Thankfully it was easy to adjust.


I had the exact same issue, and Tesla sent out a service rep to my home to complete the adjustment to spec for free. You can request it through the service menu. Haven't had anyone flash me in the year since.

Thank you for being part of the 0.01% of Tesla drivers who figured this out. I think by default they set them to "maximum height" or something. As someone in a sedan, they are infuriatingly blinding at night by default. I'm sure they're illegal, but obviously Tesla doesn't care.

Source: live within a few miles of the Tesla factory, so I get more than my fair share of them. MOST of the drivers seem completely oblivious to this.


Thank you for your service

What a quality car manufacturer!

My parents' new Chevy Bolt automatically turns off the brights when appropriate. At first I was doing it manually but then I started trusting it, it just works, it does it at exactly the moment I would do it (actually it's better at it than me.) I'm surprised Teslas don't do it.

You must never drive on a curvy roads then. Every car I driven waits until the approaching car is fully around the corner, blinding them for a full second before dimming, instead recognizing the headlights around the corner and dimming earlier.

Newer cars with matrix LED headlights account for this, such as the Volkswagen ID series. The brights not only "blot out" the shape of the cars around you, they also rotate when turning or going around a curve, so that you never accidentally point them at oncoming traffic.

It's quite magical and weird to observe in real time.
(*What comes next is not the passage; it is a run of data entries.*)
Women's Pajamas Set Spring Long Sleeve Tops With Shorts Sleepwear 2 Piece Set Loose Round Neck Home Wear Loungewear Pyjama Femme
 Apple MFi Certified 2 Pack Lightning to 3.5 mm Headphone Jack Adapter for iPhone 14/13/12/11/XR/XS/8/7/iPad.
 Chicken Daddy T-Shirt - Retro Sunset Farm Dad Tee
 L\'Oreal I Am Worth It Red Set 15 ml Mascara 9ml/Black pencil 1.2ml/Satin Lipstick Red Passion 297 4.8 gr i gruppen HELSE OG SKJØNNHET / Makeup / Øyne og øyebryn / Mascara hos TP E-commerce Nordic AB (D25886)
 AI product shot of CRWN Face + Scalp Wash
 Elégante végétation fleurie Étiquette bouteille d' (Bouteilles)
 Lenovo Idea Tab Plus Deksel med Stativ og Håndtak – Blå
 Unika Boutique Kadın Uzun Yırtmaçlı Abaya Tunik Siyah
When driving past oncoming cars, you can see a halo of darkness around each car. There are videos on YouTube that show the effect pretty well.


I don't even know what a Chevy Bolt looks like! Maybe the problem is every other model.

It's not hard to know when a car is approaching from corners / hills; there's light before they get there. I have fun manually adjusting the brights; I drive automatic transmission, lighting is the only fun I get.


All Teslas can do this too, as can a huge range of modern cars with so called "auto dipping headlights". Virtually all cars with this option allow you to turn it off though...

The quality of the auto-dip implementation varies enormously as well.


Yeah, and the ones that auto dip usually don't have auto off mode. To bad they didn't leave it in as an option.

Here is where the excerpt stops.